Pointing Device Based on Estimation of Trajectory and Shape of a Human Hand in a Monocular Image Sequence
Satoru Odo*,**, and Kiyoshi Hoshino***
*Faculty of Humanities, Okinawa University, 555 Kokuba, Naha, Okinawa 902-8521, Japan
**Faculty of Engineering, University of the Ryukyus, 1 Senbaru, Nishihara-cho, Nakagami-gun, Okinawa 903-0213, Japan
***Institute of Engineering Mechanics and Systems, University of Tsukuba, Tsukuba, Ibaraki 305-8573, Japan
Pointing devices are essential components of graphical user interfaces, and the mouse in particular is widely used because of its intuitive and easy operation. Since it must be directly touched by the user, however, the mouse is restricted in the locations where it can be used. A pointing device consists of a pointing mechanism and a switching mechanism, so the use of a noncontact device to carry out these actions should remove the restriction concerning location. In this study, we investigate the construction of a pointing device that does not impart a feeling of restraint or awkwardness, which estimates the user’s hand shape and position from images captured by a monocular camera, a noncontact device. In this system, the captured image is transformed from a Cartesian coordinate system to a log-polar system to reduce image data and computational cost, and achieve real-time operation without using special hardware other than a regular camera. Higher order local autocorrelation features of the log-polar coordinate space were used to achieve robustness against background change and hand rotation.
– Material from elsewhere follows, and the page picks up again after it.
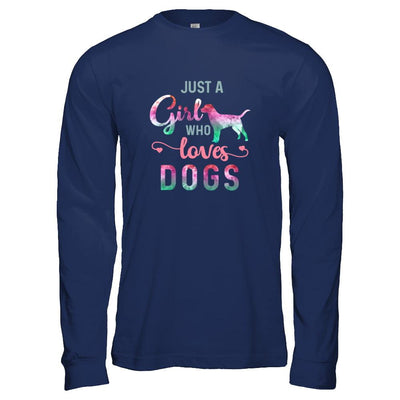 Just A Girl Who Loves Dogs Dog Lover-T-Shirt & Tank Top-Long Sleeve T-Shirt-Navy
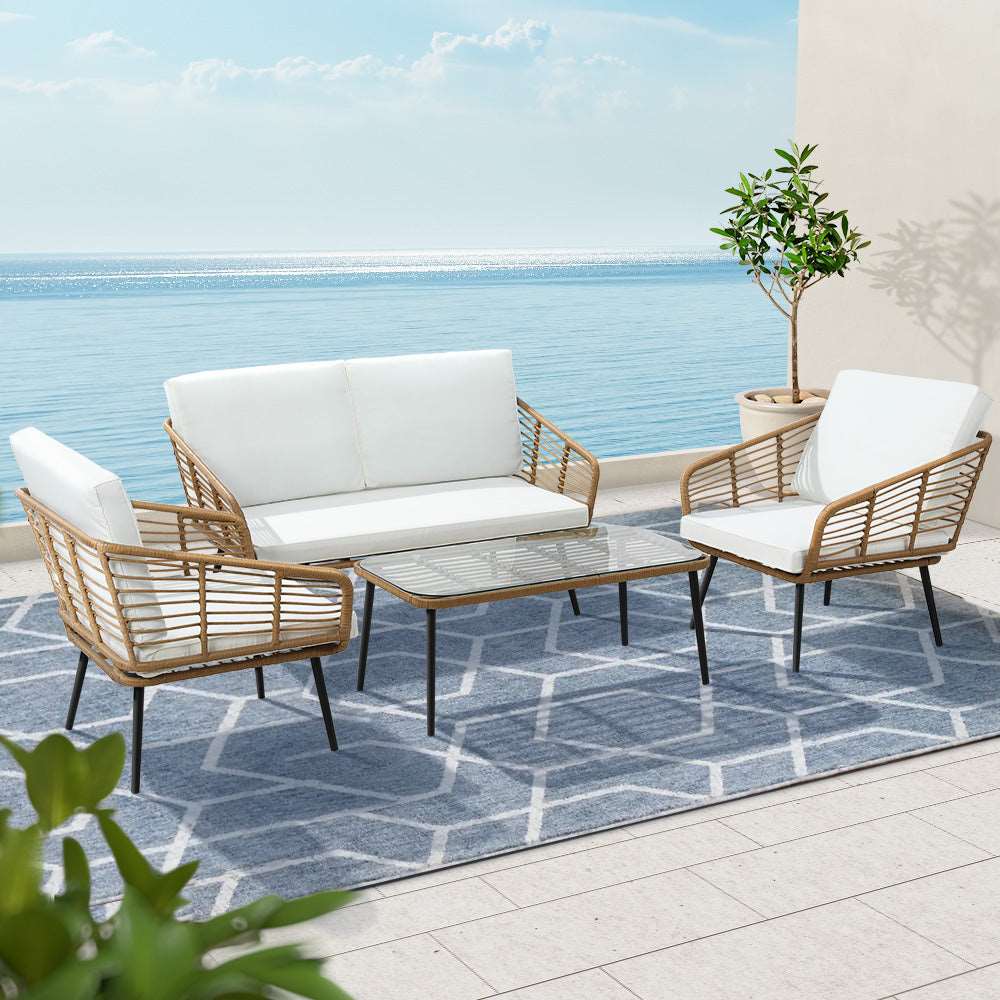 4-Piece Outdoor Sofa Set Rattan Lounge Setting Table Chairs - Image 8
In addition to direct pointing, the ability to recognize gestures from the hand’s motion trajectory was incorporated to achieve more comfortable user-computer interaction. In experiments using a system consisting of a regular computer and digital video camera, tracking of the hand and estimation of symbolic signs from extracted frames was stable at a practical average speed of 30 ms per frame.